Dans son article, Moix extrait avec une grande mauvaise foi les phrases de leur contexte, tronquant ainsi les images ou les métaphores pour les rendre ridicules.
Voici ce que moi je choisirais, toujours dans le même livre :
Une douleur enfièvrait son poème comme si dans chaque caractère d’imprimerie passait un serviteur tenant une torche (…)
Et ça aussi :
Lire, c’est ajouter au livre, découvrir, en s’y penchant, son propre visage dans la fontaine de papier blanc.
Tout en ayant conscience du grand écart que sont capables d'effectuer mes goûts littéraires, j’aime à la fois Houellebecq et Bobin. En matière de littérature, rien n’est manichéen.

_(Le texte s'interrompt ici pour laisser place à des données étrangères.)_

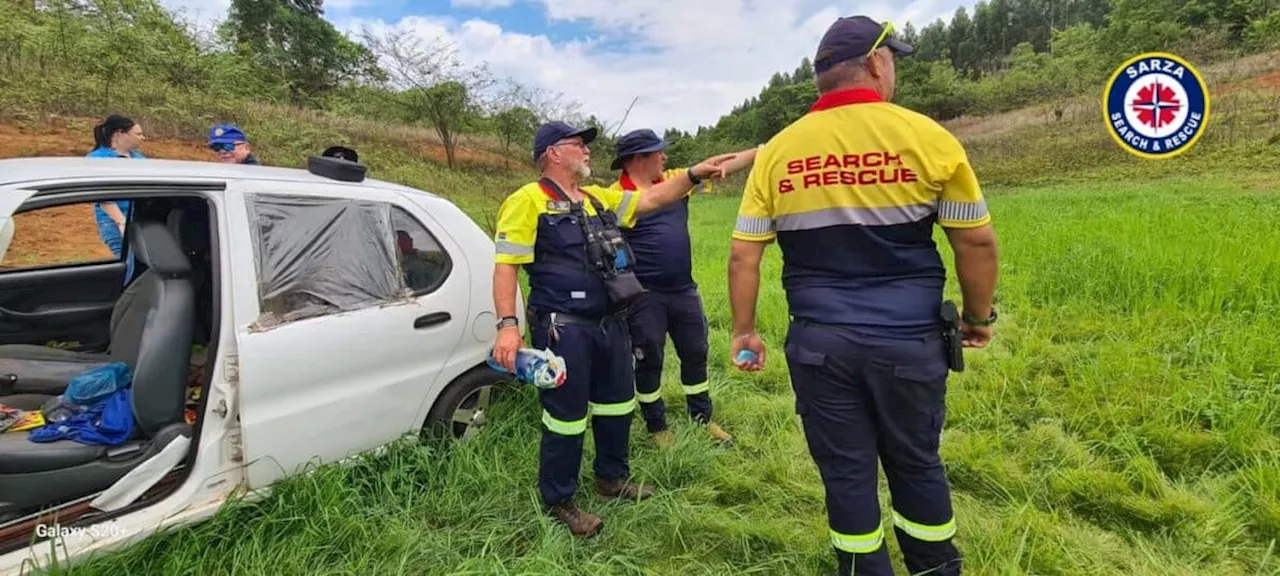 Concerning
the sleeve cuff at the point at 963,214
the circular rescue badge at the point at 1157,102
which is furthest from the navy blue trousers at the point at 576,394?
the circular rescue badge at the point at 1157,102

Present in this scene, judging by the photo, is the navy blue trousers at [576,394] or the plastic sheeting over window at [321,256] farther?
the navy blue trousers at [576,394]

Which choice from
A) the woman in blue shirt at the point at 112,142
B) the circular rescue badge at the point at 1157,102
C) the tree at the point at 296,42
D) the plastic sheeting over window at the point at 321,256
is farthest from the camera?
the tree at the point at 296,42

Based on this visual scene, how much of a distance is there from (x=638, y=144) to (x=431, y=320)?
4.31 ft

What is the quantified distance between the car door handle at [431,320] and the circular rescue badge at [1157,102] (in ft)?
19.1

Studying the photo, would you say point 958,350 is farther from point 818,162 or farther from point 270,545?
point 270,545

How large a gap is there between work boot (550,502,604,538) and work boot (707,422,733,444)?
93 cm

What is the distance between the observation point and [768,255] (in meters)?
8.42

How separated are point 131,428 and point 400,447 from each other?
35.2 inches

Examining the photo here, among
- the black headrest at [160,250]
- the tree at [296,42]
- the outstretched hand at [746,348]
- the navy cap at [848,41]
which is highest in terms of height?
the tree at [296,42]

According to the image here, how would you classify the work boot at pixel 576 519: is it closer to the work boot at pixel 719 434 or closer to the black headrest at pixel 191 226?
the work boot at pixel 719 434

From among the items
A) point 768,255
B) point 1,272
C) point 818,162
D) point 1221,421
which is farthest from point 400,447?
point 768,255

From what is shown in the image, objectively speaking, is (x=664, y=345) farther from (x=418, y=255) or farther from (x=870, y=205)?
(x=870, y=205)

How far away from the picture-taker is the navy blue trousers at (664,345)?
10.1ft

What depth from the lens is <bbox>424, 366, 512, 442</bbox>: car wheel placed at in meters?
2.70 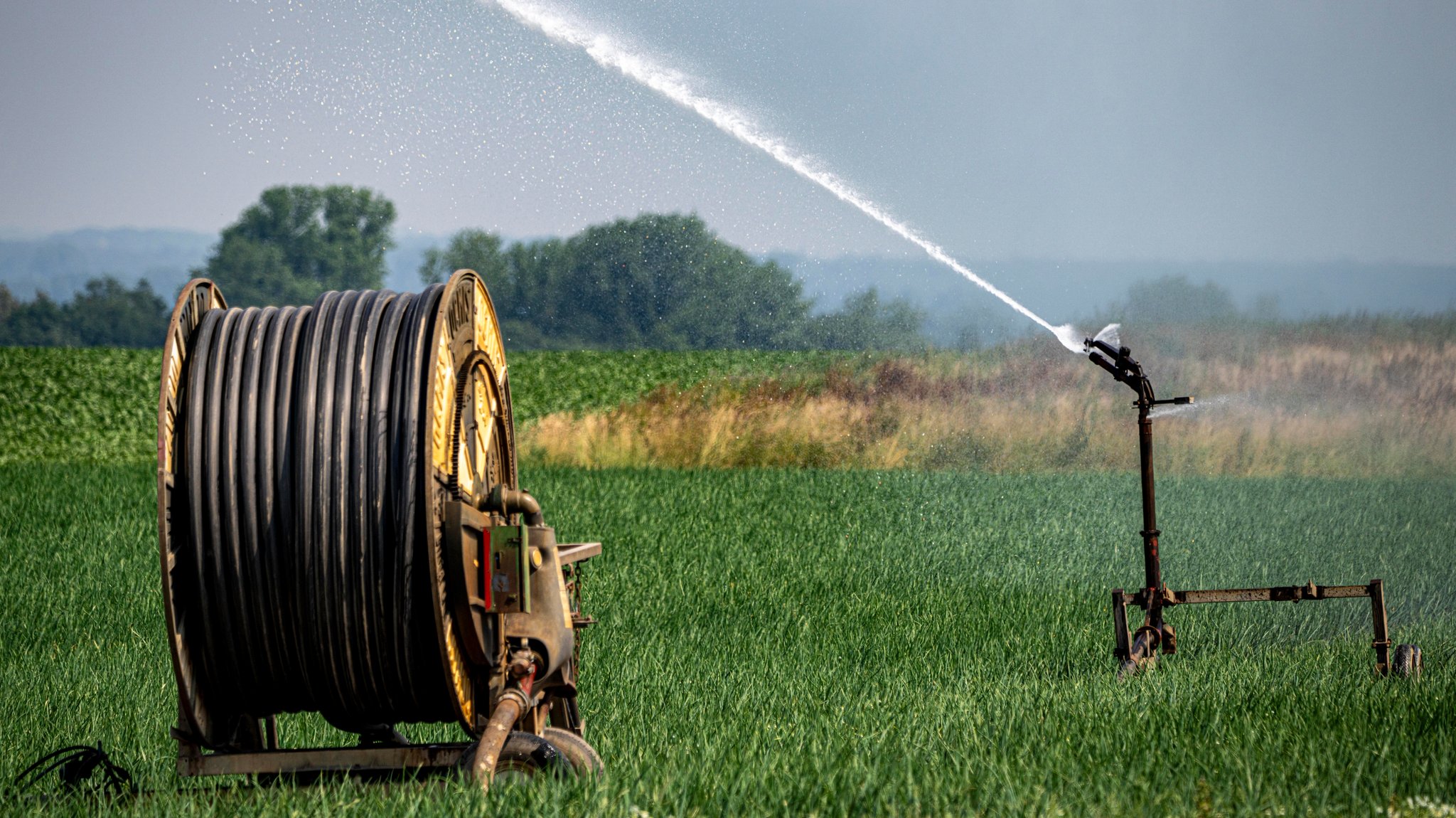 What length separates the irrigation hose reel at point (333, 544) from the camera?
4.89m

19:59 Publié dans Billets | Tags : chambrot, bobin | Lien permanent | Commentaires (0)
17/08/2013
Une petite devinette littéraire et sa solution
Lancée par Pierre Louÿs en 1919, une polémique discrète anime les milieux littéraires et universitaires : Corneille était-il le nègre de Molière ? Affaire passionnante et qui remet en cause jusqu'à l'expression "la langue de Molière" : ne serait-il pas plus juste désormais de dire "la langue de Corneille" ????
Faites le test vous-même en remobilisant vos souvenirs du collège ou en allant farfouiller dans votre bibliothèque :
Qui a écrit les vers suivants ?
Malgré des feux si beaux qui troublent ma colère,
Je ferai mon possible à bien venger mon père ;
Mais par un haut refus et d’éclatants mépris
Ferais-je dans mon choix voir un cœur trop épris ?

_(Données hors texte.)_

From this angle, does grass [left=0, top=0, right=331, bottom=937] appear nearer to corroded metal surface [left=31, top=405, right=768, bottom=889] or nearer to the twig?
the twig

Eh bien… les deux premiers sont extraits du Cid, Corneille donc, et les deux derniers de Tartuffe donc Molière… Bluffant, non ? Toute cette affaire est passionnante, et très bien documentée sur le site :
14:51 Publié dans Billets | Lien permanent | Commentaires (0)
24/07/2013
15 minutes pour lire un chef d'oeuvre !
Vous n'avez que 15 minutes devant vous et vous voulez lire un chef d'oeuvre, un beau texte qui se déguste comme un chocolat de confiseur, lorsqu'on savoure par petits morceaux en redoutant que la fin approche ?
Alors il faut lire "L'Occupation des sols" de Jean Echenoz, un petit bijou de 16 pages seulement aux Editions de Minuit. Un texte resserré au maximum, pas un mot inutile, pas une banalité, aucun laisser-aller, tout est à sa place, nécessaire et suffisant. Le tout au service d'une efficacité narrative magistrale, je ne vois pas d'autre mot.
Certains d'entre vous m'ont dit en off que les extraits choisis ne donnaient pas envie de lire le texte… J'en mets donc un autre (la première phrase en réalité), en espérant être plus apéritive…
"Comme tout avait brûlé - la mère, les meubles et les photographies de la mère, pour Fabre et le fils Paul c'était tout de suite beaucoup d'ouvrage : toute cette cendre et ce deuil, déménager, courir se refaire dans les grandes surfaces."
A lire d'urgence !
Jean ECHENOZ, L'Occupation des sols, Editions de Minuit 1988
17:11 Publié dans Billets | Tags : chambrot, echenoz | Lien permanent | Commentaires (0)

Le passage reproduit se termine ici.